*Exercise details*.
Under this line sits a listing. Repeat exactly and only its lines from the one holding "Rakerplus Yeşil Süet" through the one holding "OREI 4x1 KVM"; skip pictures.

*Excerpted data*.
=-=-=-=-=

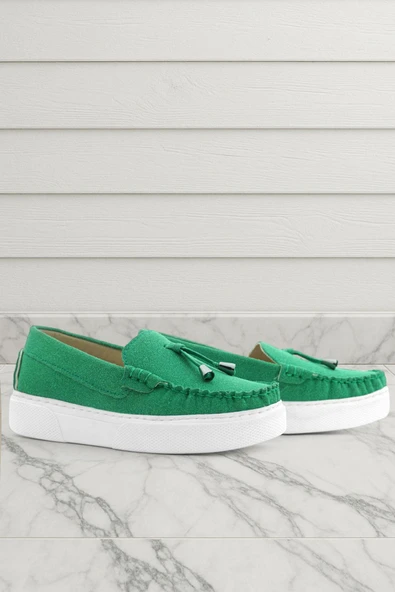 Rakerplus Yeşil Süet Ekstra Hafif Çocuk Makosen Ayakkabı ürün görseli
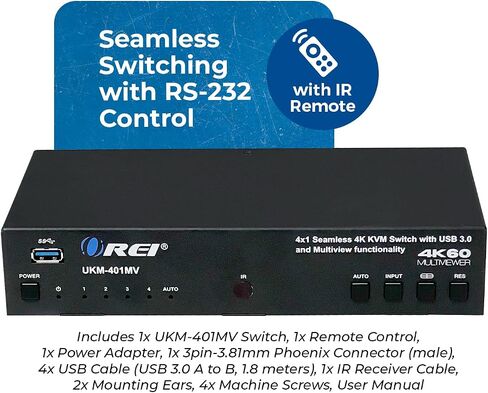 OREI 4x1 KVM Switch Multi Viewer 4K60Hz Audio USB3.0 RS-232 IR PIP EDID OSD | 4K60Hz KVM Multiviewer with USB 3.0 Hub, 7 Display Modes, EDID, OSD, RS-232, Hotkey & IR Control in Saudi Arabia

=-=-=-=-=

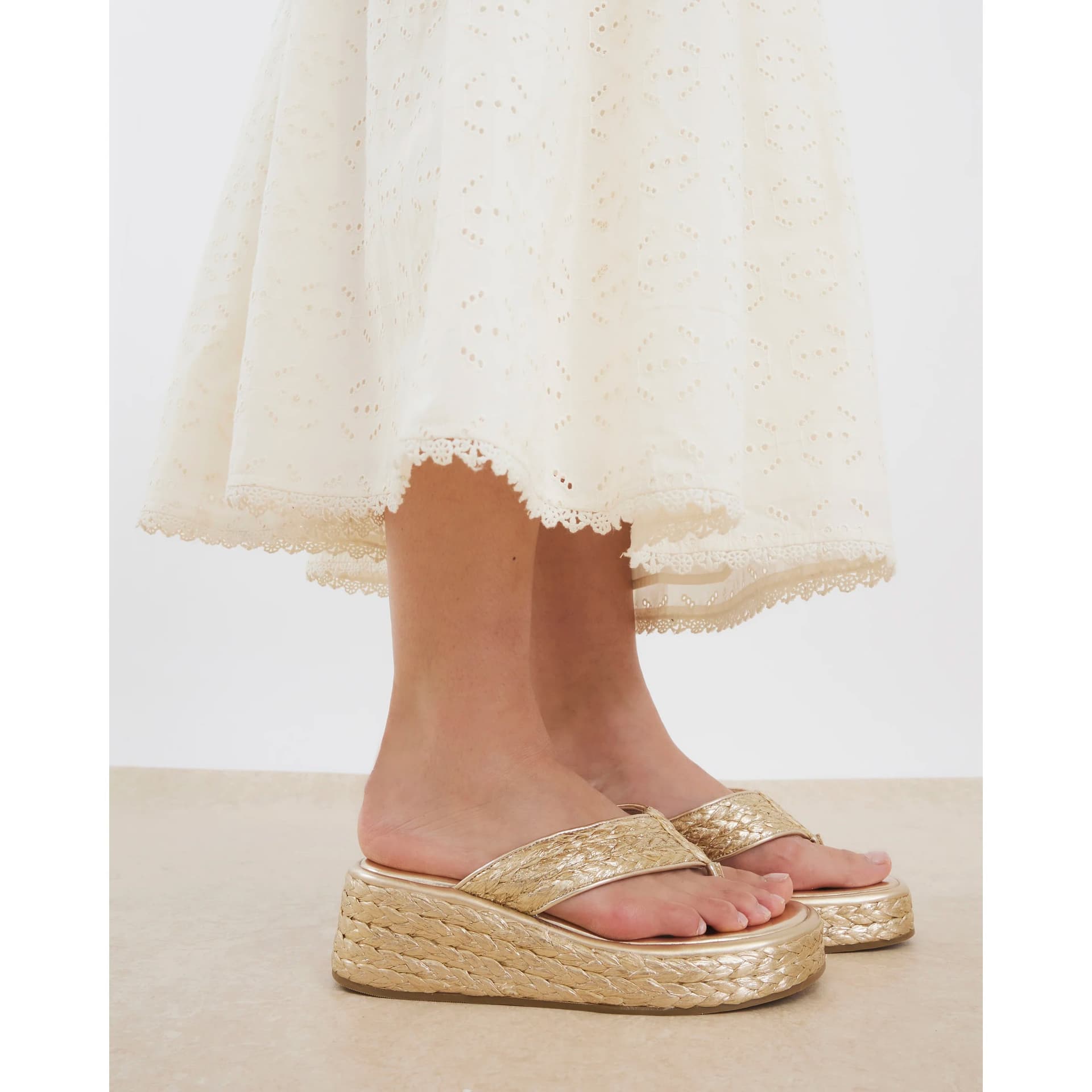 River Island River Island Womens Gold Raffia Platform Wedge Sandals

=-=-=-=-=

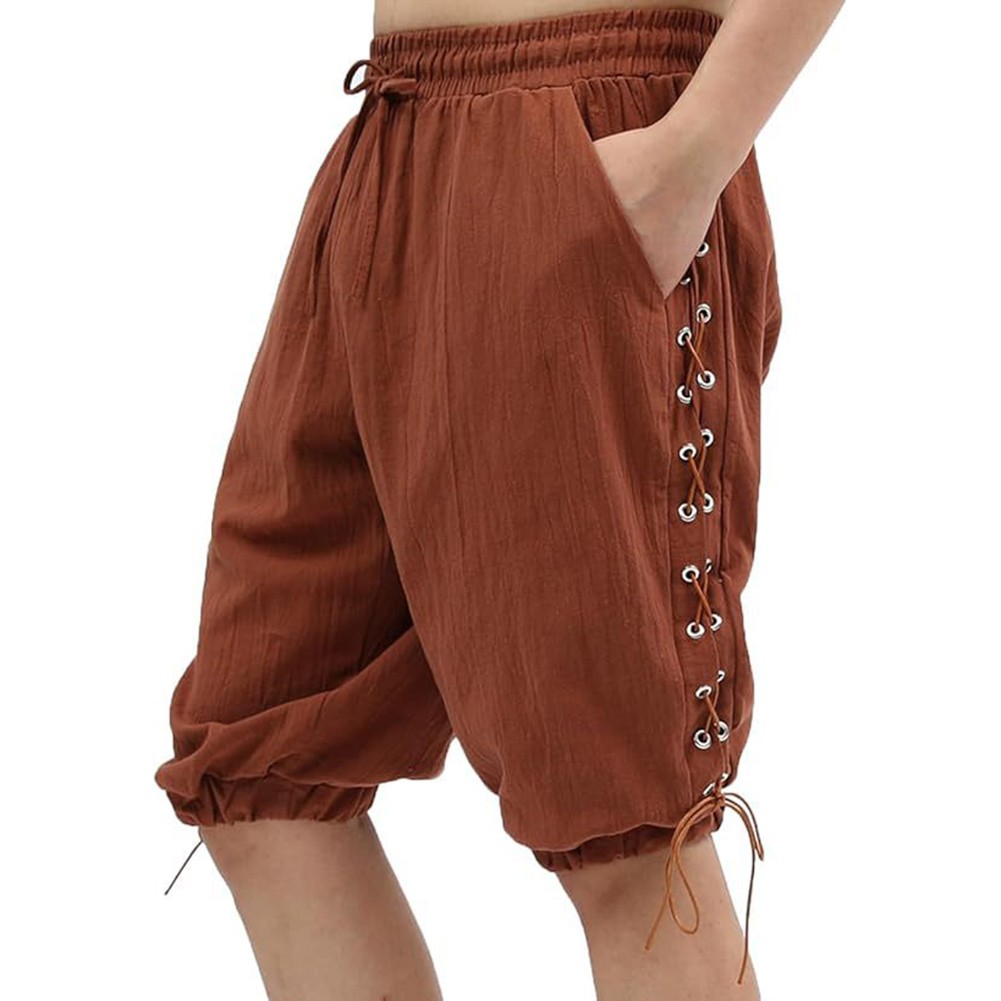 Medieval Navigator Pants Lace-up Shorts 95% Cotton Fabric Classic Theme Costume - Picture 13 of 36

=-=-=-=-=

*Completed exercise*.
 Rakerplus Yeşil Süet Ekstra Hafif Çocuk Makosen Ayakkabı ürün görseli
 OREI 4x1 KVM Switch Multi Viewer 4K60Hz Audio USB3.0 RS-232 IR PIP EDID OSD | 4K60Hz KVM Multiviewer with USB 3.0 Hub, 7 Display Modes, EDID, OSD, RS-232, Hotkey & IR Control in Saudi Arabia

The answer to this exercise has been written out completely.